Depending on what you fish for I wouldnt go braid lighter then 20lb or heavier then 30lb.


----------



## kayakmanSAM (Feb 26, 2013)

thanks guys!!


----------



## scater (Nov 24, 2007)

HoollyDoolly said:


> I personally use a Abu Revo SX and a Daiwa T3 Ballistic of the low profiles reels and a calcutta 400b for live baiting.
> people always get hard ons for Curado's and dont know why.


because they're really good reels mostly


HoollyDoolly said:


> Depending on what you fish for I wouldnt go braid lighter then 20lb or heavier then 30lb.


What an oddly small window. I use 10lb for bass and 40lb for barra. What am I doing wrong do you think?


----------



## imtheman (Aug 24, 2012)

HoollyDoolly said:


> I personally use a Abu Revo SX and a Daiwa T3 Ballistic of the low profiles reels and a calcutta 400b for live baiting.
> people always get hard ons for Curado's and dont know why.
> Depending on what you fish for I wouldnt go braid lighter then 20lb or heavier then 30lb.
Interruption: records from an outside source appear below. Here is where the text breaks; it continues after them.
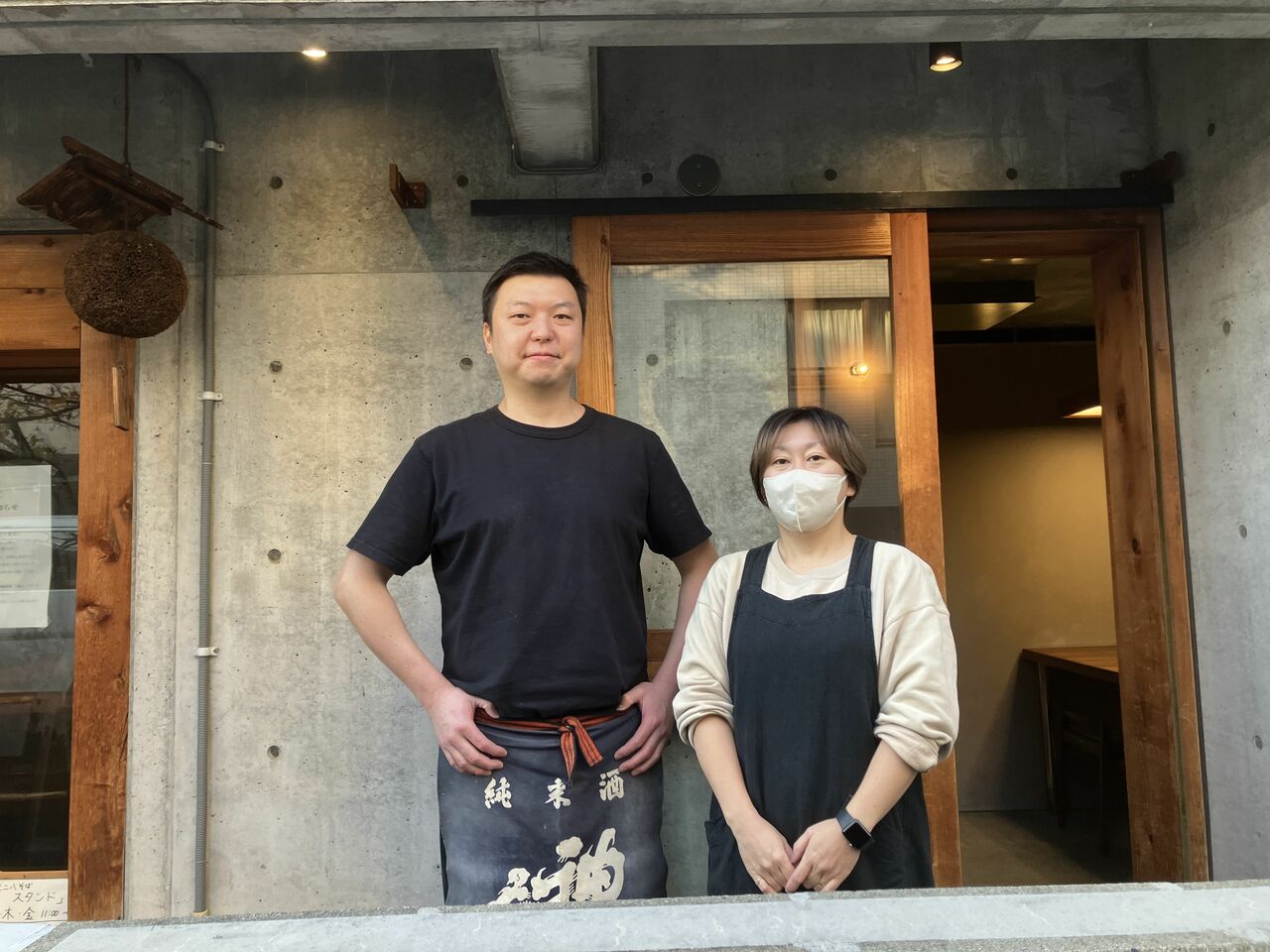 立澤さんと奥様のいよりさん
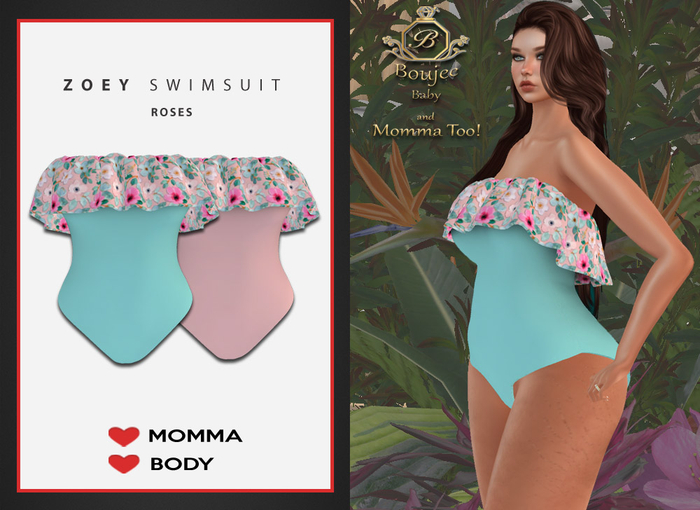 {BB} Zoe Swimsuit-Roses 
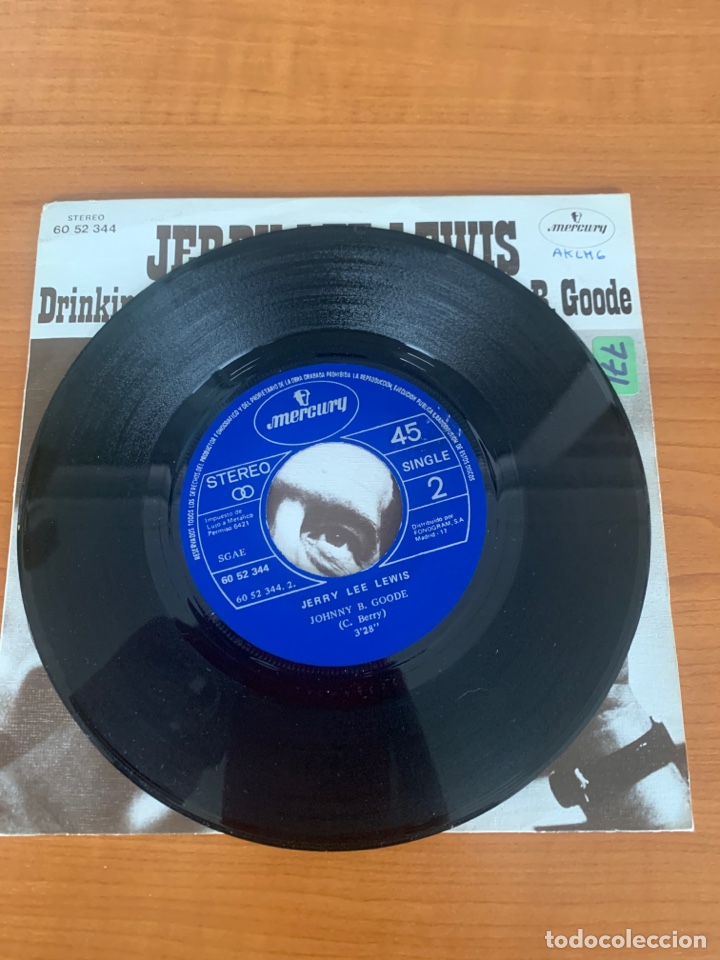 Discos de vinilo: Jerry Lee Lewis - Drinking Wine Spo- Dee O&rsquo;Dee - Foto 3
+1 for the Daiwa T3 Ballistic - daiwa or nothing :lol:


----------



## HoollyDoolly (Mar 5, 2012)

scater said:


> HoollyDoolly said:
> 
> 
> > I personally use a Abu Revo SX and a Daiwa T3 Ballistic of the low profiles reels and a calcutta 400b for live baiting.
> ...


Ive used a mates curado numerous times and can't say Im too impressed. My personel opinion though. I dont get into the whole shimano/daiwa arguments. I have a mix and match of everything so i dont right off the curado because i might be a daiwa fanboy like a lot of shimano fan boys.
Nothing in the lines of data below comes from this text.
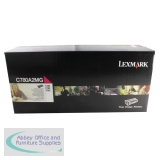 Lexmark C780/C782/X782E Laser Toner Cartridge Magenta C780A2MG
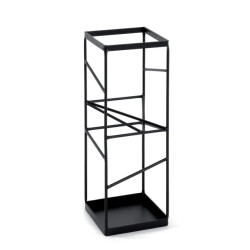 CaliCosy Paraplubak van zwart metaal h49 cm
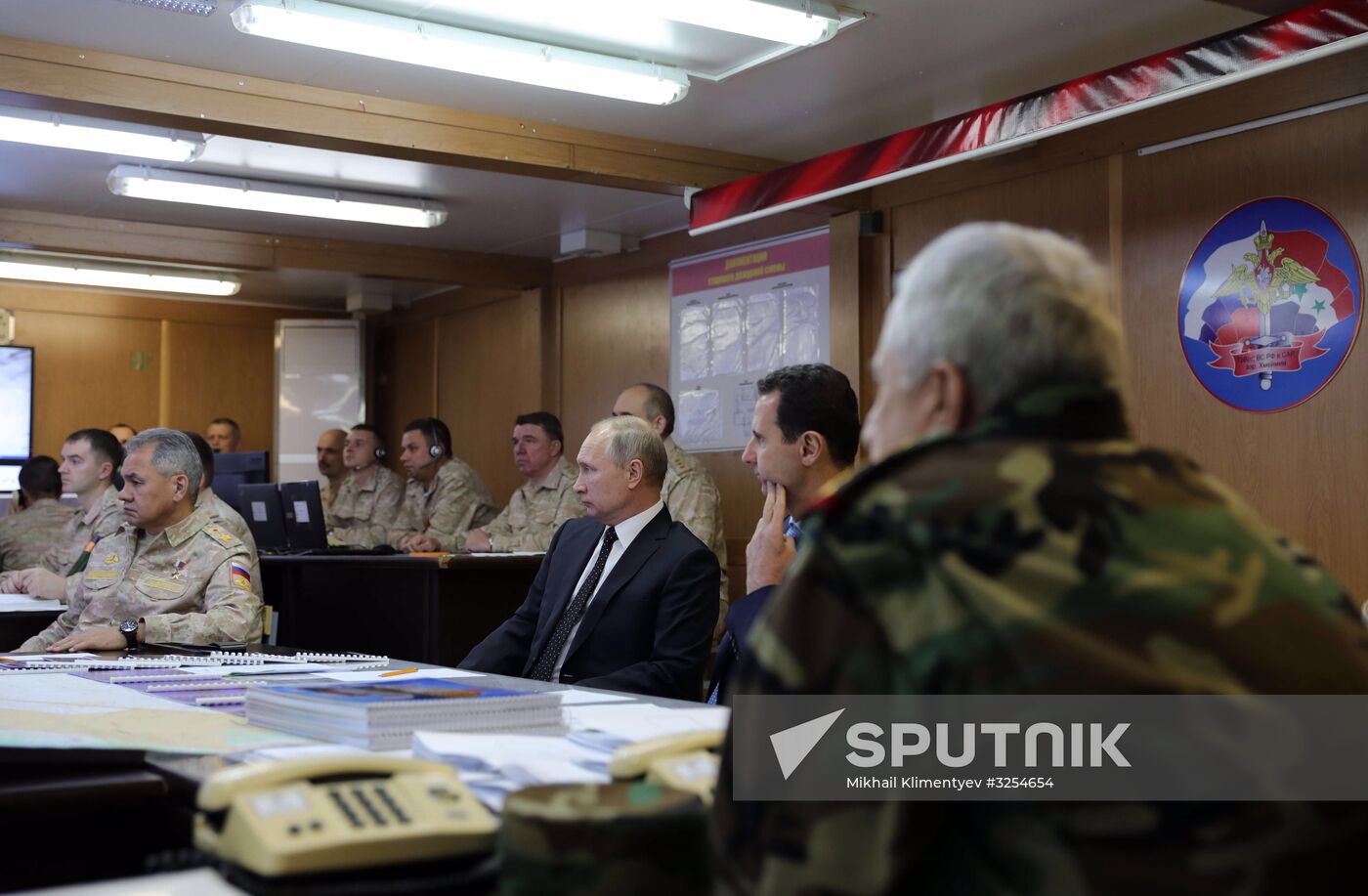 President Vladimir Putin visits Khmeimim Air Base in Syria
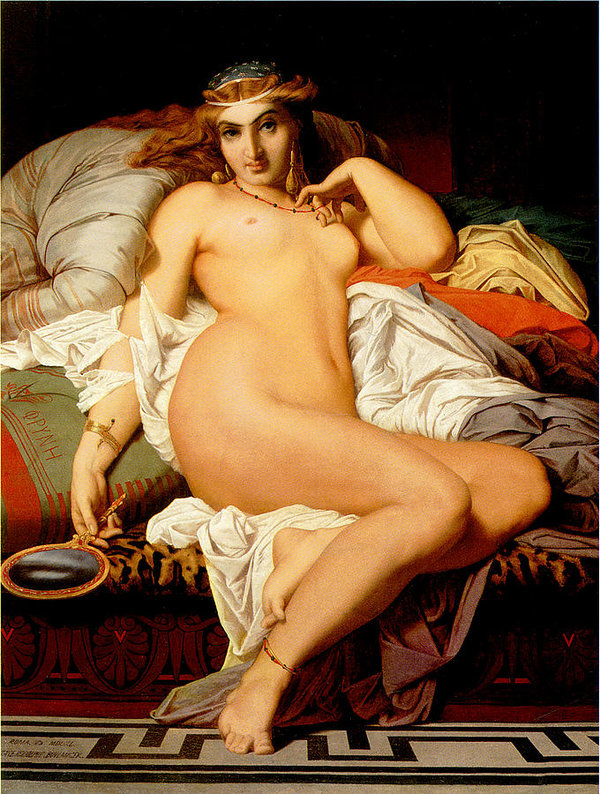 Gustave Boulanger, Phryné, c. 1850, public domain via Wikimedia Commons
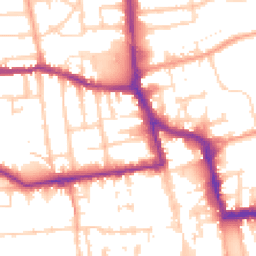 Daytime road noise heatmap for BN11 1HN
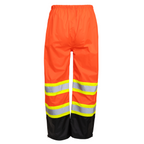 Hi Vis Two Tone Safety Rain Pants With Reflective Stripes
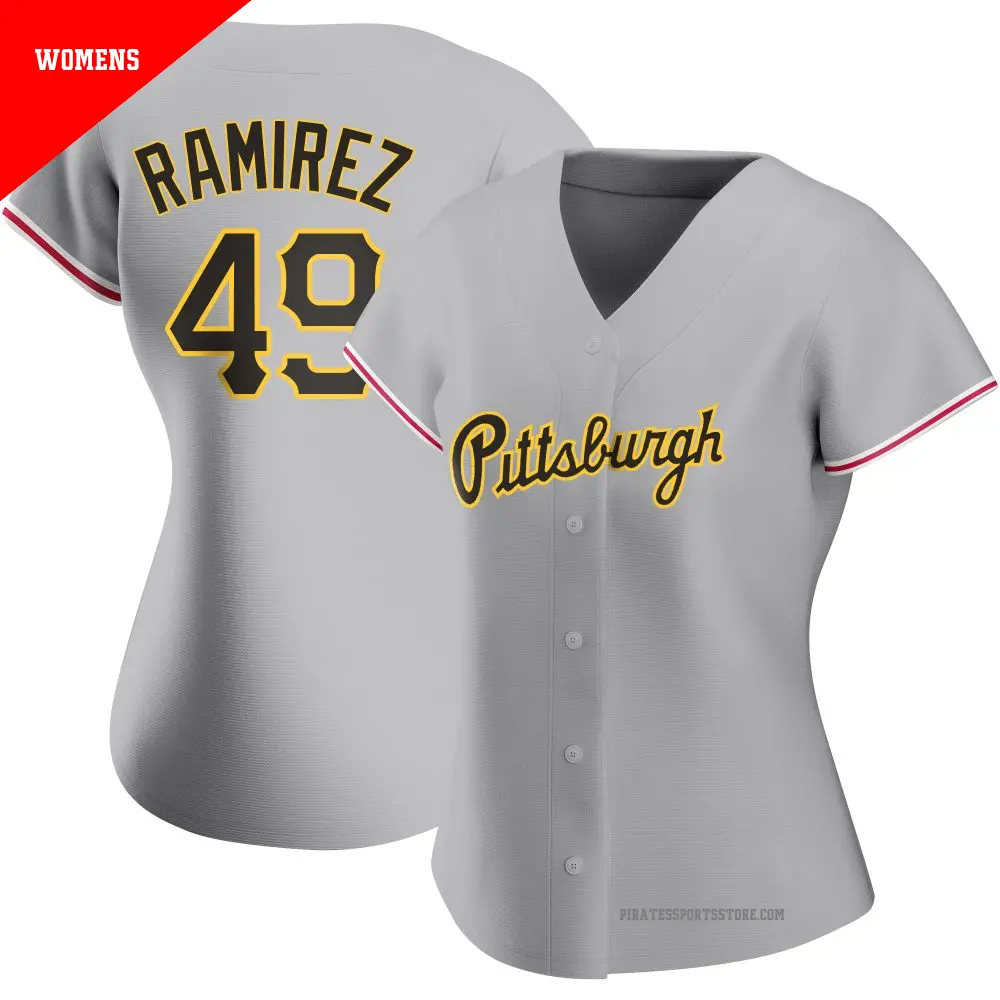 Women's ＃49 Yohan Ramirez Pittsburgh Pirates Gray Authentic Road Jersey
As per what i quoted in depending what species you target so Yes small window for my area so you probably arent doing anything wrong but In the north West of WA we dont have bass and we dont have impoundment Barra. Might go big in rough country but 20/30lb does the job over here.
Also thin line on baitcasters can dig itself in and be a pain in the arse.


----------